Massachusetts Colleges and Universities Owe A Duty of Care To Students Who Are Voluntarily Intoxicated on Campus
Generally, under Massachusetts law, one does not owe others a duty to take action to rescue or protect them from conditions that one has not created. However, there is an important exception to this rule that affects all Massachusetts colleges and universities.
Namely, since the early 1980s, beginning with the Supreme Judicial Court (“SJC”) case Mullins v. Pine Manor College, Massachusetts courts have recognized that while colleges and universities are not responsible for monitoring and controlling all aspects of their students’ lives, these institutions nonetheless have a “special relationship” with their students which imposes a duty to protect their students from certain foreseeable harms. Even if these harms are not related to any action taken or condition created by the college or university.
Over time, Massachusetts courts have clarified what this duty entails. For example, in Mullins v. Pine Manor, the SJC concluded that the duty requires a college or university to take reasonable measures to protect its students from foreseeable criminal acts of third parties, including, but not limited to, on-campus sexual assaults. Years later, in the 2017 case Dzung Duy Nguyen v. Massachusetts Inst. of Tech., the SJC further concluded that the duty also requires a college or university to take reasonable measures to protect its students from self-harm in situations where the school has actual knowledge of a student’s stated plans or intentions to commit suicide, or if the student previously attempted suicide while enrolled at the institution or shortly before matriculation.
The SJC most recently expanded the scope of this duty in July 2020 with its opinion in the case Helfman v. Northeastern University, where it recognized that Massachusetts colleges and universities also have a duty to take reasonable measures to protect intoxicated students from harms associated with alcohol-related emergencies in certain, narrow circumstances.
Specifically, the SJC in Helfman concluded that colleges and universities must take reasonable measures to protect an intoxicated student from harm where the institution has actual knowledge of conditions that would lead a reasonable person to conclude that the student is in imminent danger of serious physical harm due to alcohol intoxication, and is so intoxicated that the student is incapable of seeking help for him or herself.

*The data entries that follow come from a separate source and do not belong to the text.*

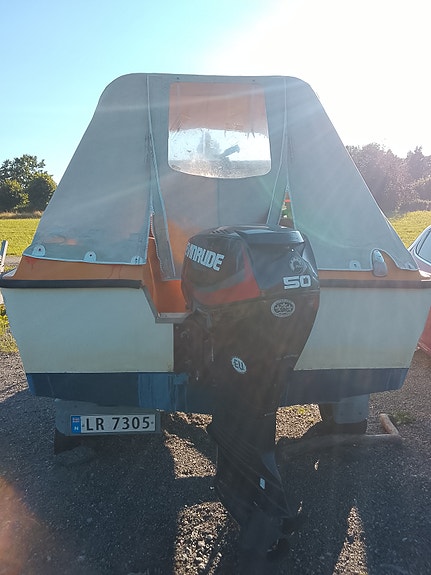 16 fot. 50 hk Evinrude ca.2017 modell og båthenger godkjent for offentlig vei. 4 of 17
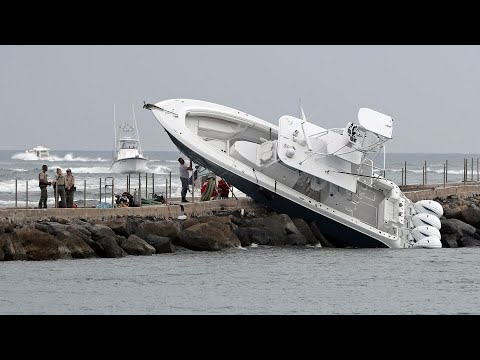 YACHT CRASH COMPILATION !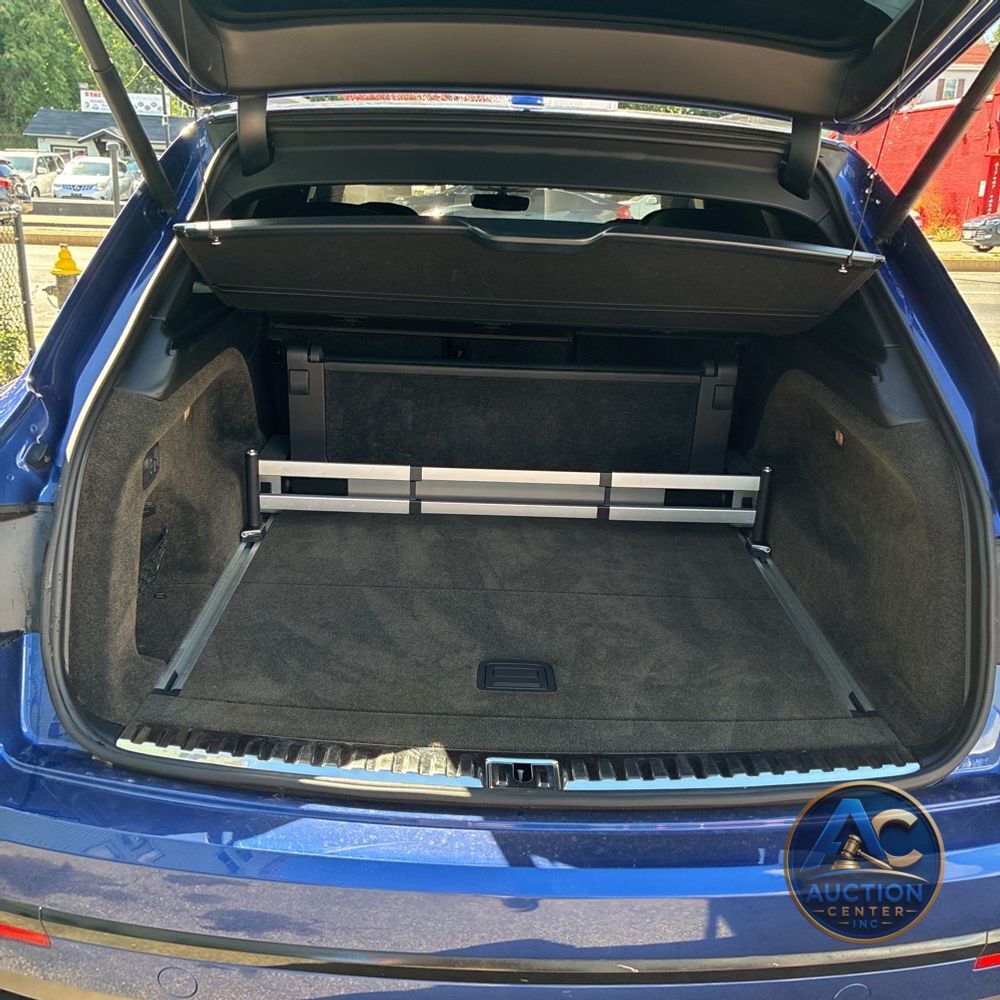2017 Bentley Bentayga Base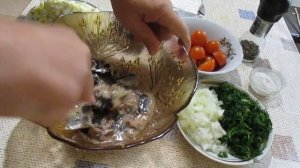 Салат из сайры консервированной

As such, the duty recognized in Helfman is narrow and limited in an important respect: it applies only when a college or university is already aware that a student is at imminent risk of harm due to alcohol intoxication. Accordingly, the mere fact that a student on campus is intoxicated does not by itself necessarily trigger any duty by the institution to take action. Indeed, the Court found in favor of Northeastern in the Helfman case because, even though the university’s Resident Advisors knew the student-plaintiff was “obviously intoxicated” at a dorm room party and heard reports that the student appeared ill from drinking alcohol, there was no indication that the student was “dangerously intoxicated,” nor any other indication that the student was experiencing an emergency (for example, the student never lost consciousness at the party). The Court found that the Resident Advisors acted reasonably when they stopped to check on the student-plaintiff and, after confirming that the student was not vomiting, allowed two other students to escort her back to her own dormitory.

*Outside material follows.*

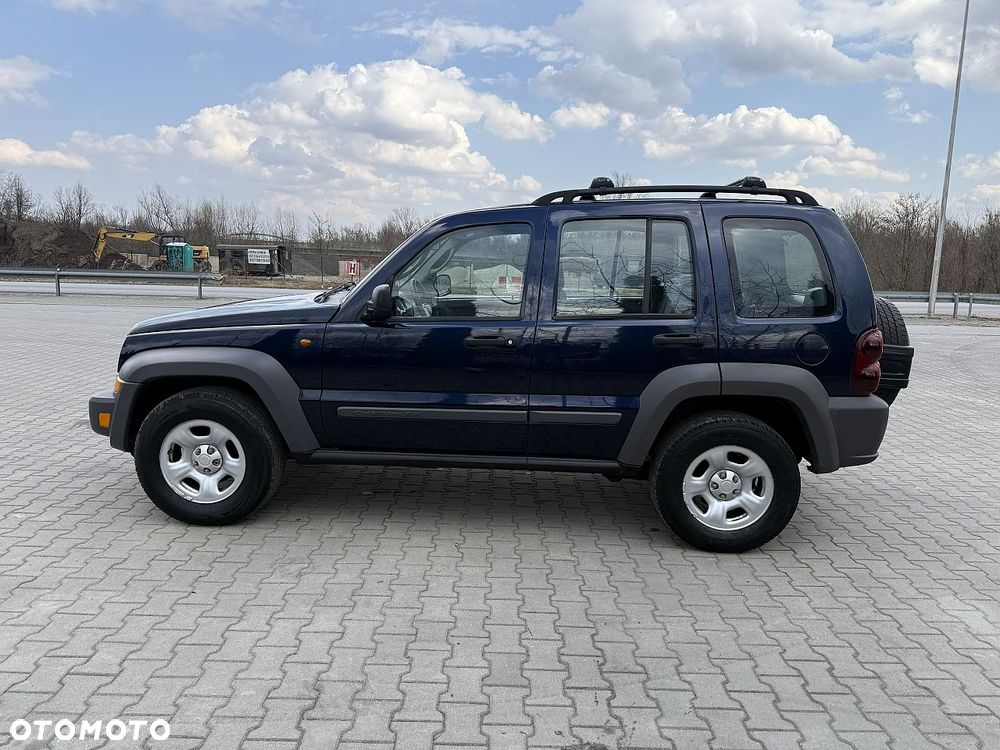 Jeep Cherokee 2.8 CRD Sport - 13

Nevertheless, Helfman clarifies that if a college or university is aware of circumstances that suggest a student is dangerously intoxicated, the institution has a duty to act reasonably to protect the student. Such action may include calling for medical or other forms of assistance. If a college or university fails to act to attempt to protect the student in these circumstances, it could be found liable for any resulting harm suffered by the student.
To avoid liability, colleges and universities should be aware of the extent of their unique duty to protect their students under Massachusetts law.